For Spurrier, all the hoopla is nothing new.

He
faced similarly grand expectations each of his 12 seasons at Florida,
where he won six SEC titles and the 1996 national championship. He says
the Gamecocks haven't backed away from achieving bigger things.

"Every
team each year sort of sets their goals and we've set our goals, very
similar to last year," Spurrier said. "We're going to see if we can
achieve our goals and hopefully do a little better than last year."

And
that means starting quickly against the Commodores, who have lost their
past three to South Carolina but are treating this one as more than a
simple starting point.

"This is the only thing that exists," Vanderbilt coach James Franklin said. "This is our Super Bowl. No other game exists."

Spurrier
wants that focus out of his players, too, and tries to keep South
Carolina from peeking down its schedule. That in part has led to the
team's surge the past couple of seasons when the Gamecocks' head ball
coach appeared to be banging his head against a ceiling that would never
break to some of the program's biggest achievements.

The
Gamecocks won their first SEC Eastern Division title in 2010, a run that
included a victory over top-ranked Alabama -- their first-ever triumph
over a No. 1-ranked opponent. The success continued into 2011, despite a
mid-season knee injury that took star runner Marcus Lattimore from the
club for the final six games.

Lattimore's been full-go since the
summer and has thrown himself into contact at practices and scrimmages
the past month. "Marcus is ready to carry it 25 or 30 times," Spurrier
said.

The only questions on South Carolina's defense -- ranked
third in the country last fall behind LSU and Alabama -- concern who's
calling the plays, not who's making them. Coordinator Lorenzo Ward took
over for Ellis Johnson, now head coach at Southern Miss. Ward has taken a
more aggressive approach with the defensive game plan to force more
turnovers and on-field havoc.

"We're going to be blitzing more
than we did last year because we got a different coach and he pretty
much likes to go get them," South Carolina defensive end Jadeveon
Clowney said of Ward's style.

Clowney said the players haven't
worried about what others think they can achieve this season because the
Gamecocks are after those same high goals.

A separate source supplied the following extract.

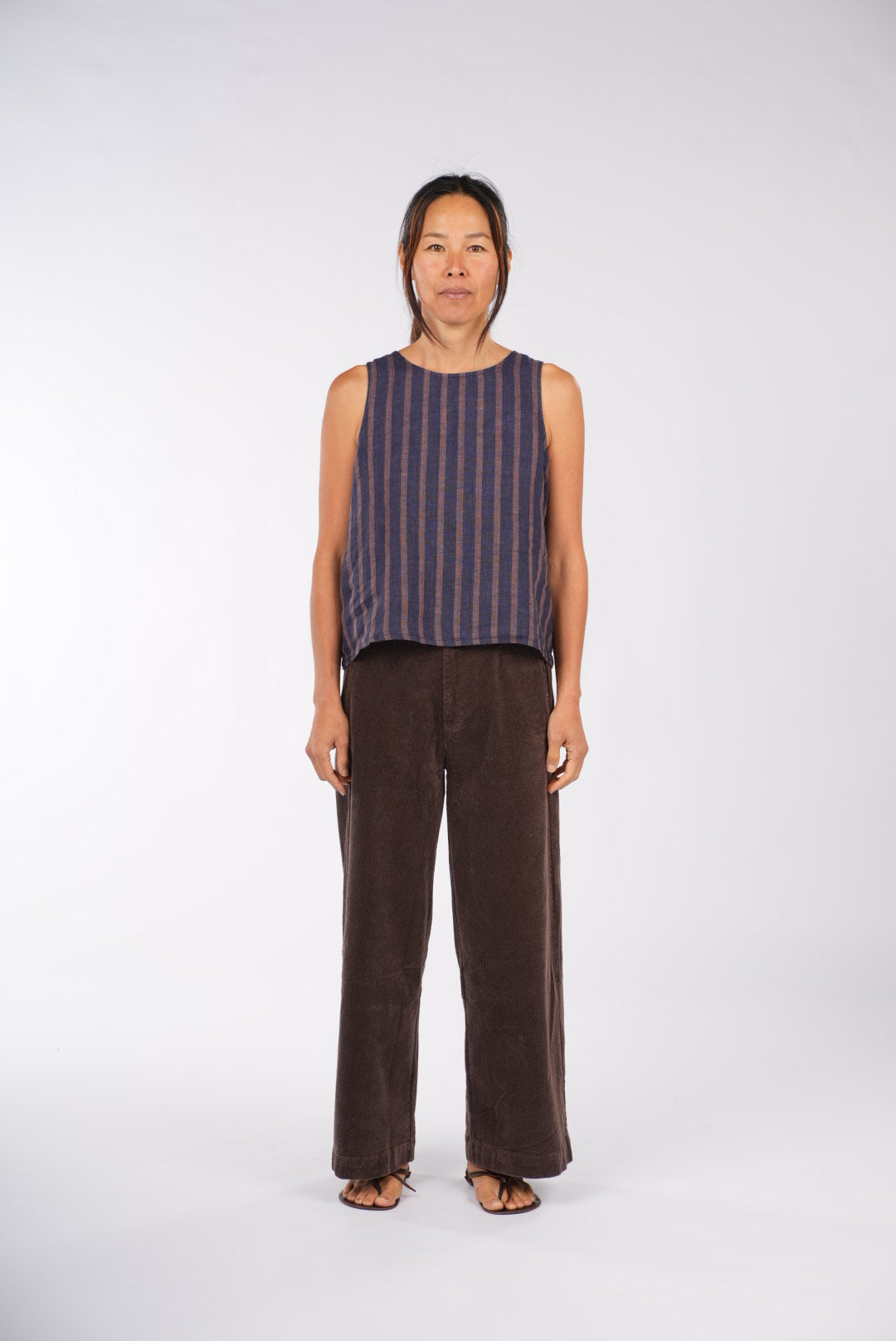 Ava Linen Cami Top in Stripe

"We're going to be ready," said Clowney, who had eight sacks and forced five fumbles as a freshman.

Spurrier
expects a big atmosphere at Vanderbilt with so much on the line.
"Somebody said the Goodyear Blimp is even going to be there first time
ever," he said.

The coach didn't have much trouble with
Vanderbilt until 2007 when the Commodores stunned the sixth-ranked
Gamecocks 17-6 to end the coach's 14-0 mark against the SEC East rivals.

Vanderbilt followed that up a season later with a win in Nashville, its last against South Carolina.

The players' attitudes and dedication to success have changed since then, Spurrier said.

"It's
been a fun, more fun group to coach the last year or so, just because
they all seem to want to do the same thing," the coach said. "They all
seem to be heading in the same direction."

South Carolina senior
tight end Justice Cunningham likes the attention Vanderbilt's put on
this game because it shows how far the program's come.

"I really like that a lot," he said. "We've earned some respect over the years."